Introduction

The shape of the B versus H characteristic of a material reveals whether its magnetism is based upon magnetocrystalline or shape anisotropy. In either case, the ideal characteristics described in Chapter 1 were founded on the concept of spontaneous magnetization, and this theory is certainly a good approximation for single crystals; measurements in the preferred [1,0,0] direction for iron shown in Figure 1.6 confirm this. However, practical materials do not follow this theoretical ideal, as shown for comparison by the initial magnetization curves for a real sample of iron in Figure 2.1. A measurable external applied field H is required to magnetize and saturate this material, so this sample does not exhibit spontaneous magnetization. The same is true for samples of nickel, cobalt and all alloys that are used to produce permanent magnets.

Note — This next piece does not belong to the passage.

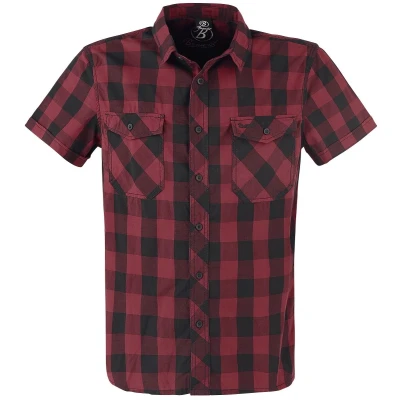 Afbeelding van Brandit Roadstar Shirt met korte mouwen zwart rood M Katoen Basics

While the magnetization curves for the single crystal in Figure 1.6 are dependent upon the crystallographic direction, the curve for a bulk sample of iron is not. A simple ferromagnetic material such as this is therefore isotropic with no preferred axis, and any enhanced properties in a specific direction will only be imparted to a magnet during its production process. Spontaneous magnetization still exists in the crystal lattice structure, so it must be explained how the theory of magneto crystalline anisotropy must be modified to predict the actual characteristics of permanent magnets. To do this, the model of a magnetic material must first be enhanced.